The easiest factor of a polynomial to identify is a monomial factor common to every term. Upon discovering such a common factor, we can use the distributive property in reverse to (at least partially) factor the polynomial.

As an example, if we wished to factor $10x^2y^3z + 4x^2y$, we should note that $10x^2y^3z$ and $4x^2y$ share factors of $2$, $x^2$, and $y$. Thus, $$10x^2y^3z + 4x^2y = 2x^2y(5y^2z + 2)$$ Of course, not every polynomial has a common monomial factor on every term. For such polynomials some other trick or technique will need to be used.
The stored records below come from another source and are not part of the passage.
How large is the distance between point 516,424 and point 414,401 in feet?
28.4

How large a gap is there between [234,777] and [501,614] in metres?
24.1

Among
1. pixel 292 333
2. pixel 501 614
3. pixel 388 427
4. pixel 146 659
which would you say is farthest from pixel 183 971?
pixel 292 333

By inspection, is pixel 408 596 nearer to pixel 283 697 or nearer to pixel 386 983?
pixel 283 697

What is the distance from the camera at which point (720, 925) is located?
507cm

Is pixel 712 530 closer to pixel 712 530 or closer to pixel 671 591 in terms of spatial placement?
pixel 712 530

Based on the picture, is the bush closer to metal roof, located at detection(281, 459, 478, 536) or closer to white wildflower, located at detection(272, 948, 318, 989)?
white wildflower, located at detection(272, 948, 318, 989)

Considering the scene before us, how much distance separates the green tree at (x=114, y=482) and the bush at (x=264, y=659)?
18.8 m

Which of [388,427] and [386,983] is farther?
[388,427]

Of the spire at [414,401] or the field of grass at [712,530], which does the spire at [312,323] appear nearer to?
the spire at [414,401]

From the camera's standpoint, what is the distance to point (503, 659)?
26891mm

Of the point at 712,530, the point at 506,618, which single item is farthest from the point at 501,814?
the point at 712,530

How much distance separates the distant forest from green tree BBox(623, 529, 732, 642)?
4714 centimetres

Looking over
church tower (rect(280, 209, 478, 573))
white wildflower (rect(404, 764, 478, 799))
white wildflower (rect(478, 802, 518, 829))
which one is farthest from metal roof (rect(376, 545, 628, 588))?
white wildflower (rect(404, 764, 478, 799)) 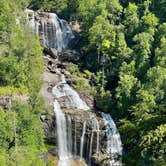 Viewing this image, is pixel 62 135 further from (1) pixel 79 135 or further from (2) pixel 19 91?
(2) pixel 19 91

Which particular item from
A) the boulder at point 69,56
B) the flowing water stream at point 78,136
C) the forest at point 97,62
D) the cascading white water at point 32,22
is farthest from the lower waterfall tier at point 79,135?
the cascading white water at point 32,22

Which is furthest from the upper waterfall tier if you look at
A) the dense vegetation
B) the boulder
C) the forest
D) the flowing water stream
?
the flowing water stream

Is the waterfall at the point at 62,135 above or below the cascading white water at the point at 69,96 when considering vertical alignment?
below

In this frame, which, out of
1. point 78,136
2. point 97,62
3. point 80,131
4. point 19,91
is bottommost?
point 78,136

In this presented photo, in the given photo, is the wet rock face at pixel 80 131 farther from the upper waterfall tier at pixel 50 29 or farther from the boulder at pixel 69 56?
the upper waterfall tier at pixel 50 29

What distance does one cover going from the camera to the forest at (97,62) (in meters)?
40.8

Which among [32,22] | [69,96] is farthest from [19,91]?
[32,22]

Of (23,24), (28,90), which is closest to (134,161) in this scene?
(28,90)

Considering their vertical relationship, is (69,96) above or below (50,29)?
below

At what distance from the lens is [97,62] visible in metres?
55.8

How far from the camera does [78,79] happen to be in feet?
168

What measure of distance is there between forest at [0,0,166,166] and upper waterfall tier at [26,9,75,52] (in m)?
1.69

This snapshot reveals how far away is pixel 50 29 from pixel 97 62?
7.32 metres

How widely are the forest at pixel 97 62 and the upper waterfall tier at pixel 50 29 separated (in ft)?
5.56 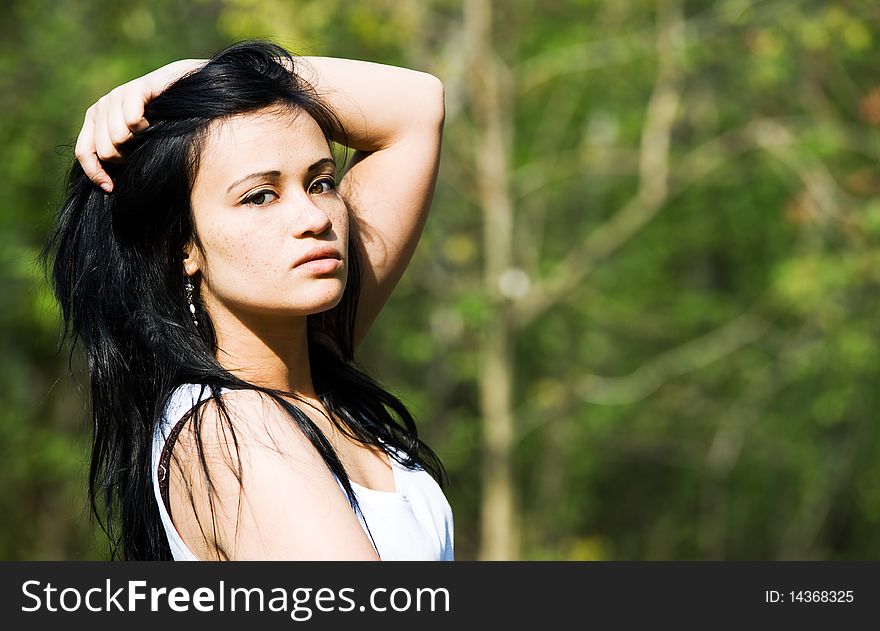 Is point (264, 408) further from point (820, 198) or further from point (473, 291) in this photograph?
point (820, 198)

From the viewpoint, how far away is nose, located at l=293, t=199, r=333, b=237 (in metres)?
1.49

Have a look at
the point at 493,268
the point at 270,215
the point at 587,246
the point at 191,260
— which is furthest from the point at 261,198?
the point at 587,246

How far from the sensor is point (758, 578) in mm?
2080

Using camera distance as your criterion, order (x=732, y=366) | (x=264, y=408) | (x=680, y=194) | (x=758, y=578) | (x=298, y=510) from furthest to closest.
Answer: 1. (x=680, y=194)
2. (x=732, y=366)
3. (x=758, y=578)
4. (x=264, y=408)
5. (x=298, y=510)

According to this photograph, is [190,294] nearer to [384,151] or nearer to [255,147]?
[255,147]

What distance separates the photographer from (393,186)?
1842mm

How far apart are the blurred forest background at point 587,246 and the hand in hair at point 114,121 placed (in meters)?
4.24

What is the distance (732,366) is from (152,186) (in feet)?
26.6

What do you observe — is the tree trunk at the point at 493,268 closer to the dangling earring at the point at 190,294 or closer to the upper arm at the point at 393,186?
the upper arm at the point at 393,186

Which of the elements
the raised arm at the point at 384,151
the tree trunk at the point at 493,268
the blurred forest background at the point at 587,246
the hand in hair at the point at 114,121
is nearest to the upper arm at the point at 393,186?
the raised arm at the point at 384,151

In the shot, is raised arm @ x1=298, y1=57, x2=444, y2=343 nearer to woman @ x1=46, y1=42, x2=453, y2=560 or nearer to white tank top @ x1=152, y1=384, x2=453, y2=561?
woman @ x1=46, y1=42, x2=453, y2=560

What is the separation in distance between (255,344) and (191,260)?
0.47 ft

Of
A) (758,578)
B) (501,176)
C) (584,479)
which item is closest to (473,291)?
(501,176)

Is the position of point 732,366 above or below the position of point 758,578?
above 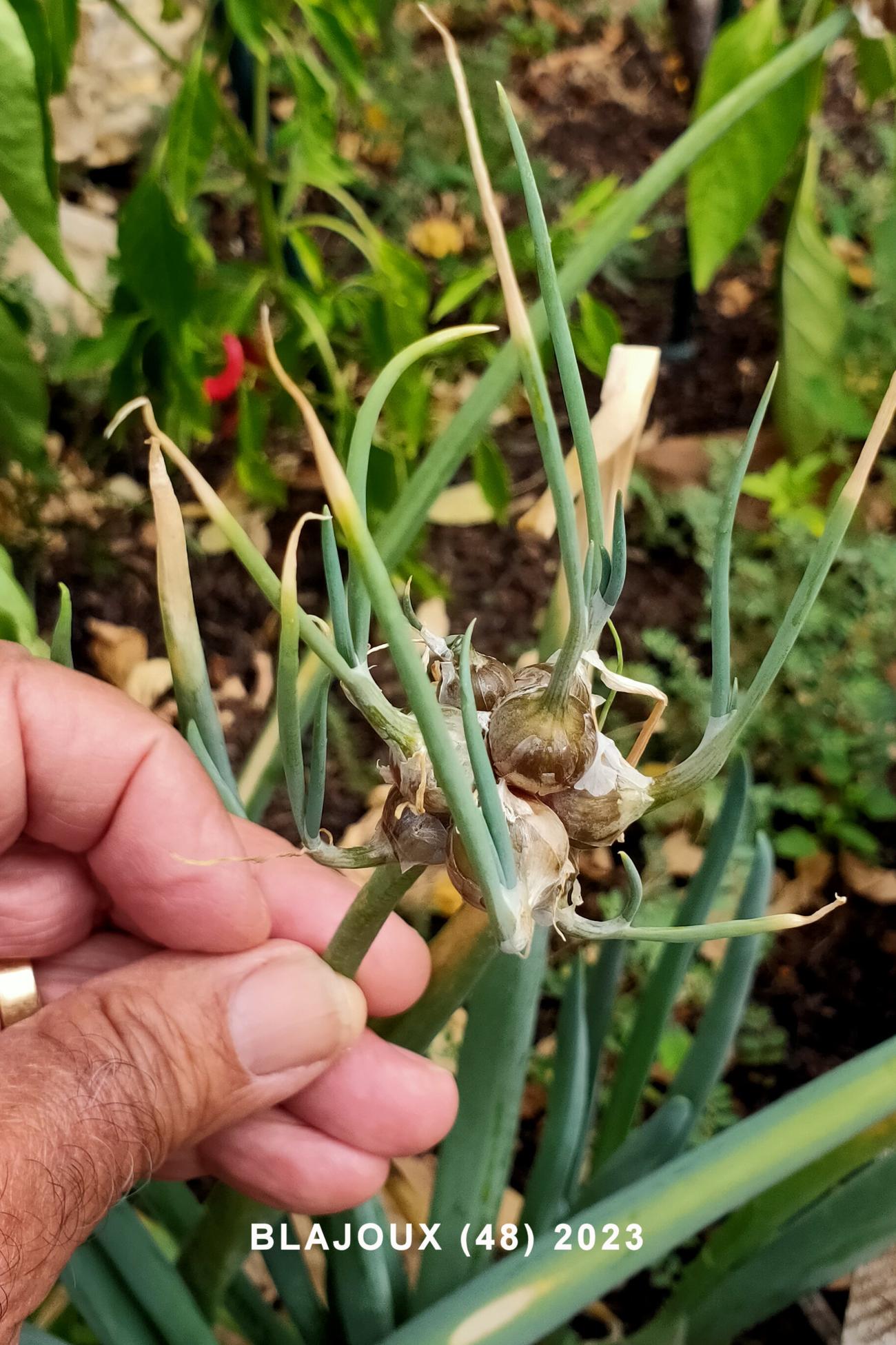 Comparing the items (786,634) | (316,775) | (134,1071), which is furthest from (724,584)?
(134,1071)

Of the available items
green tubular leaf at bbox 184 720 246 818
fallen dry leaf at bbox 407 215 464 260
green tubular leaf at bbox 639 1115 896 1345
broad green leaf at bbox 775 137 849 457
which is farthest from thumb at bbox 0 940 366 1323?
fallen dry leaf at bbox 407 215 464 260

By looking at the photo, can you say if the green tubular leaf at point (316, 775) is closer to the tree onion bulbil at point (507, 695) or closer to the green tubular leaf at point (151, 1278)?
the tree onion bulbil at point (507, 695)

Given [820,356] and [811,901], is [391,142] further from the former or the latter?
[811,901]

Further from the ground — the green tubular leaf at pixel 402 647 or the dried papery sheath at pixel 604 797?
the green tubular leaf at pixel 402 647

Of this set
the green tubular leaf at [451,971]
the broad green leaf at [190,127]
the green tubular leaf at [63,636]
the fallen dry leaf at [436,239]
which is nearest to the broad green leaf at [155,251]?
the broad green leaf at [190,127]

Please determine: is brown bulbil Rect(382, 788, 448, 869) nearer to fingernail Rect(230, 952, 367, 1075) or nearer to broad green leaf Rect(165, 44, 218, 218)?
fingernail Rect(230, 952, 367, 1075) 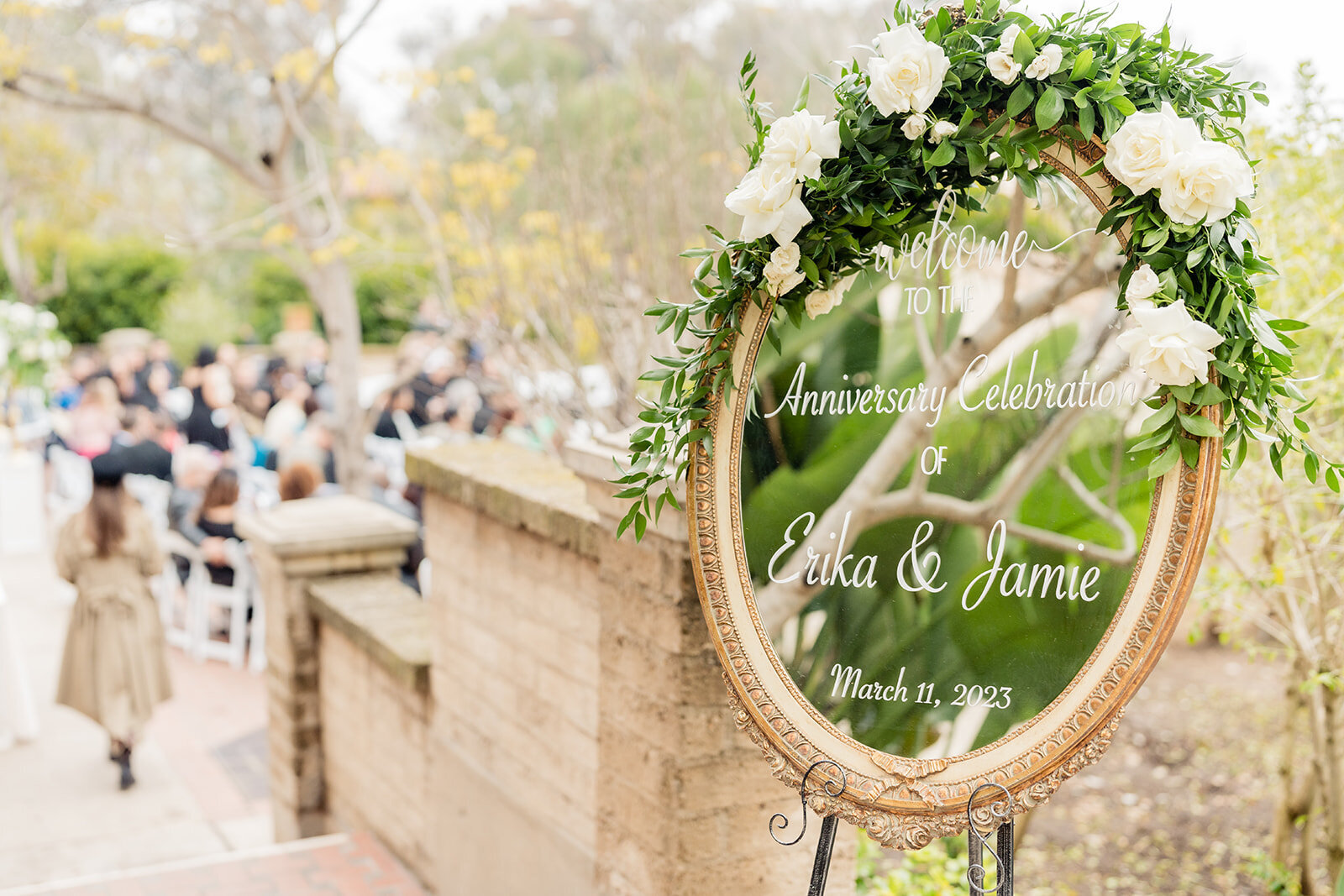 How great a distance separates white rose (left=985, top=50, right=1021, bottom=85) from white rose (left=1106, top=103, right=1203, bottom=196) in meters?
0.20

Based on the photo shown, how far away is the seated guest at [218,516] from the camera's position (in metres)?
8.48

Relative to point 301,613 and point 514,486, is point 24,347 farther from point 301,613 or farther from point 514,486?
point 514,486

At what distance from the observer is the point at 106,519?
641 centimetres

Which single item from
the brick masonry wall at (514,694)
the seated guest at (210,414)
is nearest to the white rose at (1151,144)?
the brick masonry wall at (514,694)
In the fortuitous case that the polynomial "fits the form" of a binomial that has been squared, cubed, or raised to some higher integer power, the result of the Binomial Theorem can be easily reversed.

For example, recall the special product rule for the square of a binomial, $(a+b)^2 = a^2 + 2ab+ b^2$. If a polynomial fits the form seen on the right side of this equation, we can immediately conclude it can be factored in a manner that agrees with the left side.

Nicely, checking to see if an expression "fits the form" on the right can be distilled down to a small handful of easily-answered questions:

As an example, suppose we wish to factor $9x^2 + 12xy^3 + 4y^6$:

Thus, we can conclude that $$\begin{array}{rcl} 9x^2 + 12xy^3 + 4y^6 &=& (3x)^2 + 2(3x)(2y^3) + (2y^3)^2\\ &=& (3x + 2y^3)^2 \end{array}$$

We could do something similar to discover a polynomial factors as a cube of a binomial.

We know that $(a+b)^3 = a^3 + 3a^2b + 3ab^2 + b^3$, so when a polynomial fits the form on the right side of this equation, we can factor it immediately into the cube of the binomial associated with the left side. Deciding if it "fits the form" requires more (and slightly more complicated) questions this time, but the overall strategy is the same:

As an example, consider trying to factor $x^6 - 6x^4y + 12x^2y^2 - 8y^3$:

Given all of the answers above were "yes", we can then factor our polynomial as $$\begin{array}{rcl} x^6 - 6x^4y + 12x^2y^2 - 8y^3 &=& (x^2)^3 + 3(x^2)^2(-2y) + 3(x^2)(-2y)^2 + (-2y)^3\\ &=& ((x^2) + (-2y))^3\\ &=& (x^2 - 2y)^3 \end{array}$$ Admitedly however, seeing a random polynomial "fit the form" for a cube of a binomial is significantly less common than seeing one "fit the form" for the square of a binomial -- but it does occassionally happen.

We could create similar factoring rules for fourth and higher powers of binomials using the same techniques, but these are even less likely to be applicable to a randomly chosen polynomial and the list of questions needed for each gets longer and more complicated to answer as the exponent on these binomials grows. Thus, there will be a diminishing rate of return to pursuing factoring rules for higher powers of binomials in this way.

Factoring by Grouping & the Strategy of "Hopeful Nibbling"

Let us consider what might go through our mind as we try to factor something like the following: $$xy^2 - 2xy + x - y + 1$$ We might initially be excited to see a common factor of $x$ on the first three terms -- only to be sadly crest-fallen upon realizing the last two terms do not have this common factor!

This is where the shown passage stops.